Peter was taken on by Oldham Athletic in January 1953 and worked at Bardsley Colliery while progressing through the Latics’ junior sides. Upon his release from National Service in 1955 he signed as a full-time professional and immediately won a place in the first team. He was noted as a “lively half-back with a rare turn of speed” and that speed, along with a wholehearted playing approach, served him well when playing at wing-half, or as an inside-forward.
He played in all but one Latics games in his first season, usually at left-half. In his second season, he was played up front and responded with a tidy scoring rate that lasted into his third season at Boundary Park, where his 16 goals from 38 games saw him finish as joint top-scorer. Oldham were placed in Division Four at the end of 1957/58, and Peter retained his place, but was attracting the attentions of scouts from higher-placed clubs.
On October 16, 1958 Tony McShane, the Scunthorpe United manager, signed Peter for a fee of £2,500. After early games up front for the Iron, he settled into a half-back berth, and became a dependable member of the Scunthorpe side that punched above its weight in the old Division Two during the 1960s. McShane left not long after signing him but Peter established himself in the middle of the halfback line, where his ability in the air was unquestioned; as his shock of blond hair rose to head another cross away, Iron fans nicknamed him ‘Noddy’, but his tackling was sometimes noted more for its enthusiasm than its accuracy. This earned him occasional cautions and suspensions.
In 1966. Peter was placed on Scunthorpe’s transfer list. October of that year saw Tony McShane move to sign him again – this time, for Chesterfield. A fee of £2,000 changed hands. Paying a fee for a player was not something Chesterfield did lightly, if at all, in those days, but they got their money’s worth all over the pitch. Peter’s arrival added another defender and thus allowed Albert Holmes and Gerry Sears to get forward more as overlapping full-backs, which produced crosses and goals for the likes of Billy Stark and Ivan Hollett.
McShane was replaced by Jimmy McGuigan in the summer of 1967 but Peter retained his place, adding another 36 appearances to the 33 he made in ’66/67. His third Football League goal for the club came 15 minutes from the end of his last appearance, at home to Swansea on the last day of the 1967/68 season. With McGuigan determined to re-shape the side after their early promotion challenge had foundered, Peter was freed by Chesterfield that summer.
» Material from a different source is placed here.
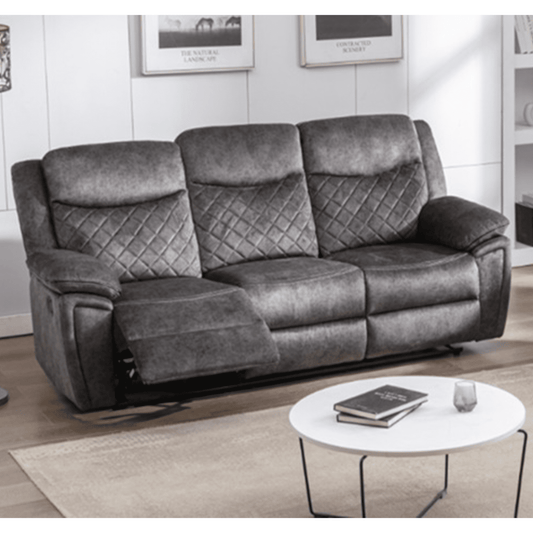Brianna Plush Fabric Reclining 3 Seater Sofa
Midland League Scarborough snapped him up, but joined their fellow Midland Leaguers Alfreton Town in January 1969. He featured in their four-match FA Cup battle with Football League side Barrow in 1969/70, sustaining a cut to his face that required seven stitches in one of the games, and helped the club to the Midland League championship in 1970. Peter finished his playing career locally, with the Brimington team that had a short spell in the Midland League in the mid-1970s.
Upon taking up part-time football, Peter began working as an insurance salesman, but he joined the East Midland Motor Services as a bus driver in 1970. A year later he became a driver for the NCB, working out of Markham Colliery until retirement.